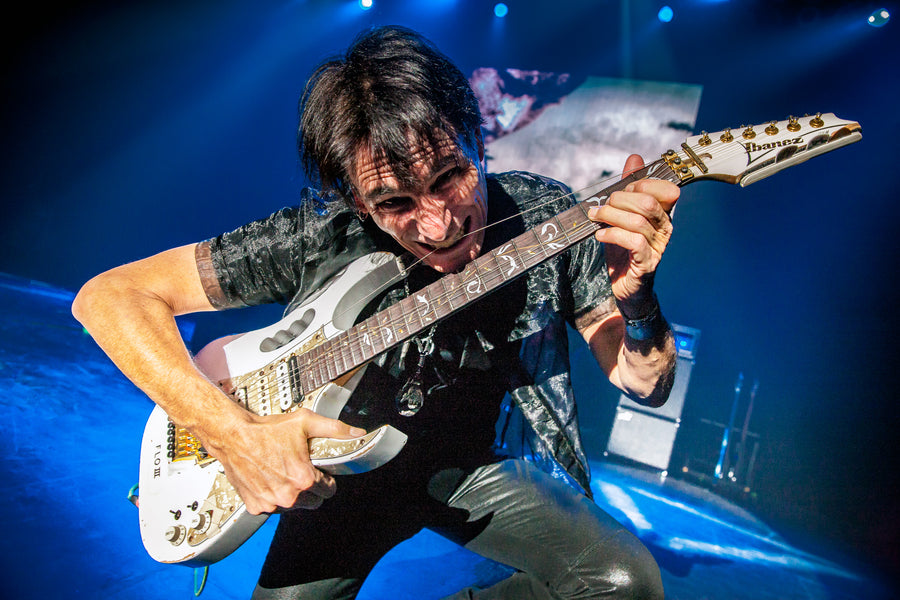 Steve Vai playing a white guitar under blue and gold light, State Theatre, New Brunswick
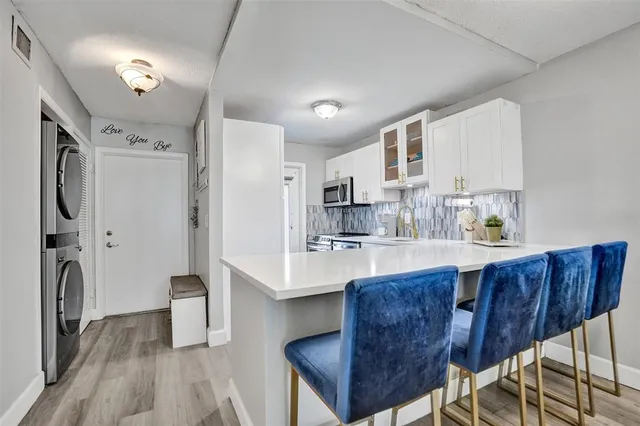 a kitchen with stainless steel appliances granite countertop a table chairs a refrigerator and cabinets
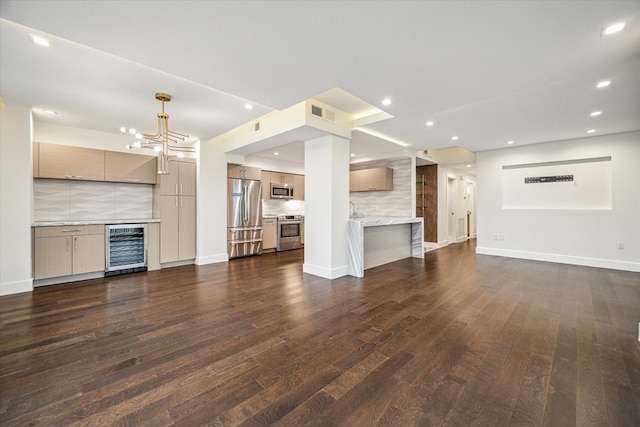 unfurnished living room with an inviting chandelier, dark hardwood / wood-style floors, and beverage cooler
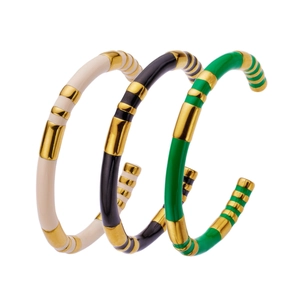 Three-piece gold-plated stainless steel open bangles in white, black, and green enamel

The problem: If pictures appear in the data, omit them and copy all other parts exactly.

Your solution:
 Steve Vai playing a white guitar under blue and gold light, State Theatre, New Brunswick
 a kitchen with stainless steel appliances granite countertop a table chairs a refrigerator and cabinets
 unfurnished living room with an inviting chandelier, dark hardwood / wood-style floors, and beverage cooler
 Three-piece gold-plated stainless steel open bangles in white, black, and green enamel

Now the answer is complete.